El programa Certified Pre-Owned de Rolex dispara la confianza en el mercado secundario. La certificación oficial transforma la revalorización de modelos como el Daytona 6265 en una oportunidad de preservación de capital para el inversor de patrimonio elevado.

Llevo años siguiendo la evolución de los cronógrafos manuales de Rolex en el mercado secundario y, sin embargo, pocas veces he visto un catalizador tan claro como la certificación oficial. El programa Rolex Certified Pre-Owned, desplegado a nivel global en 2023 y abanderado en España por la joyería Rabat desde 2024, ha inyectado una dosis de transparencia que está redefiniendo los precios. El último síntoma: la imagen del modelo Oriol Elcacho luciendo un Rolex Daytona referencia 6265 —el célebre Big Red— procedente de Rabat Certified Pre-Owned, un gesto que los coleccionistas leen como un espaldarazo mediático a un activo que ya cotizaba al alza.
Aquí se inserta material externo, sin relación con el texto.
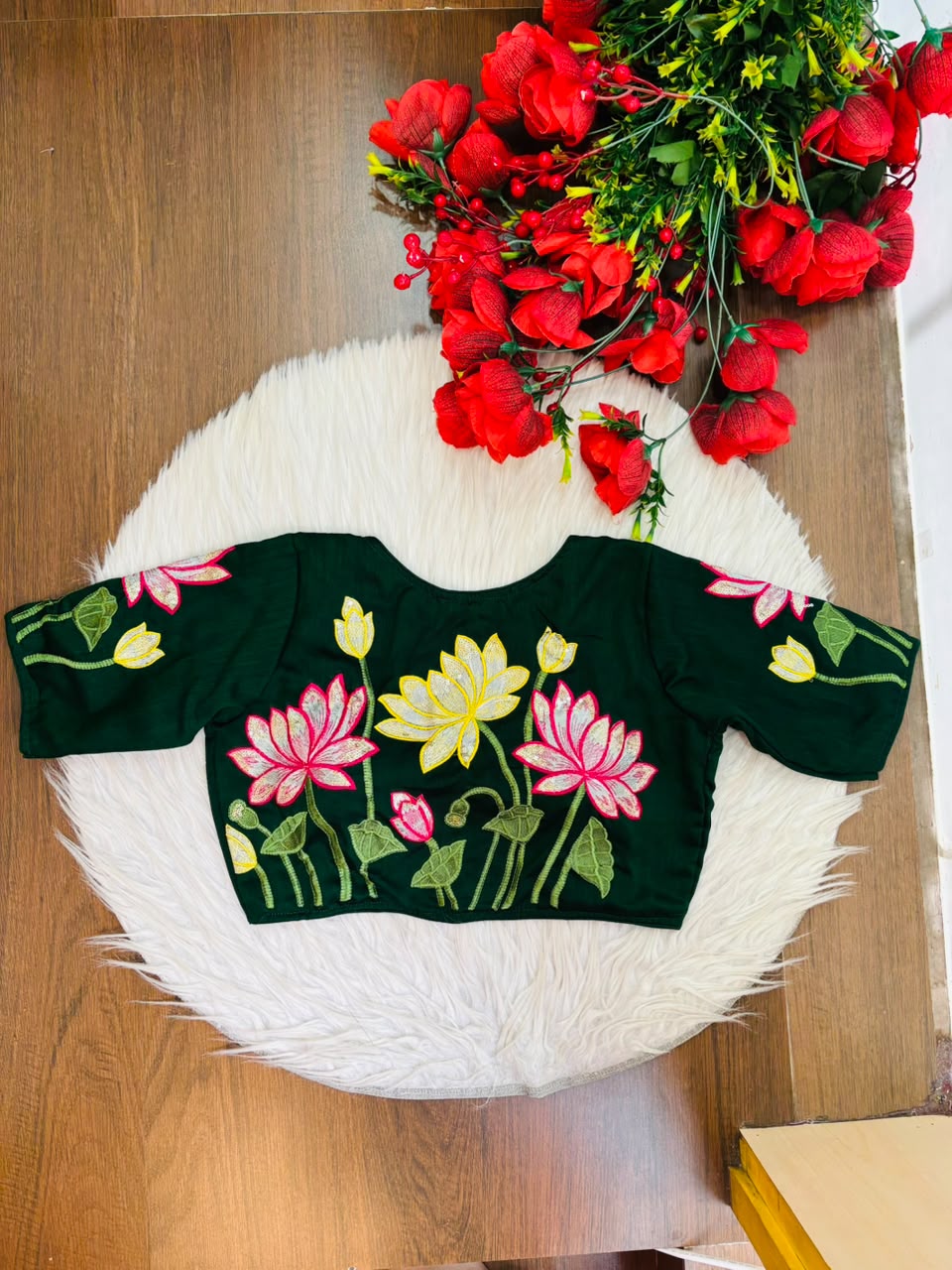 Reflection of Lotus Vichitra Silk Blouse
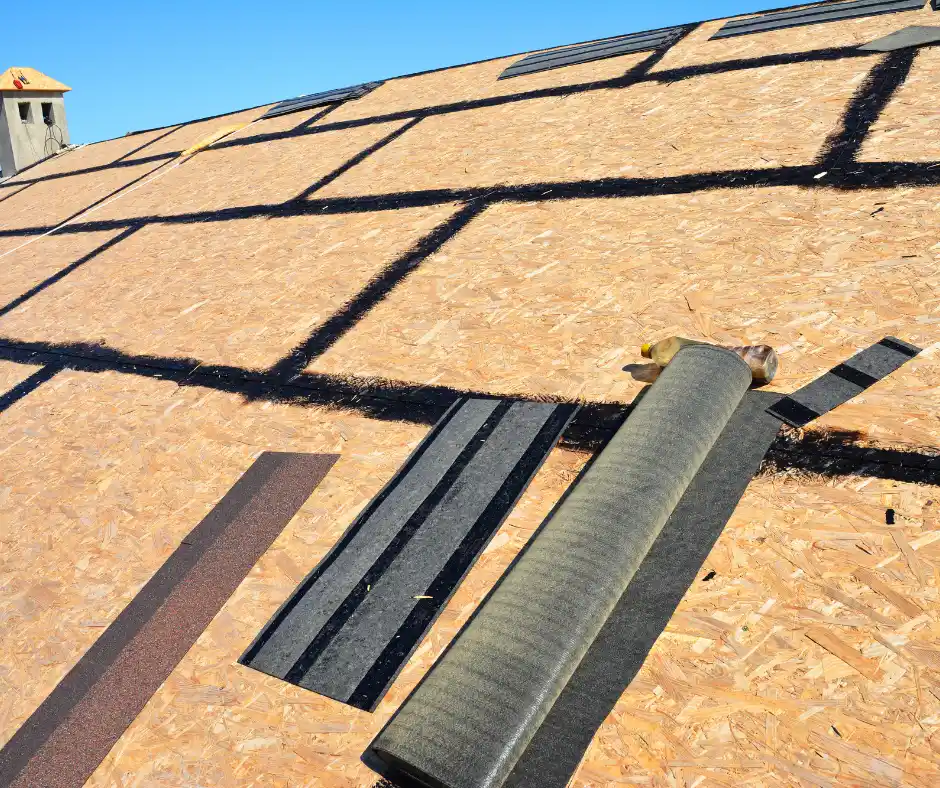 a roof installed with underlayment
Rolex Certified Pre-Owned: el sello que redefine la liquidez

Cuando Rolex decidió entrar en el mercado de segunda mano con su propio marchamo, no solo garantizó la autenticidad. Transformó un bien de colección en un producto financiero verificable. Rabat, como primer operador español en implementarlo, aplica controles de mantenimiento oficial y verificación de procedencia que eliminan la asimetría de información que tanto penalizaba al comprador.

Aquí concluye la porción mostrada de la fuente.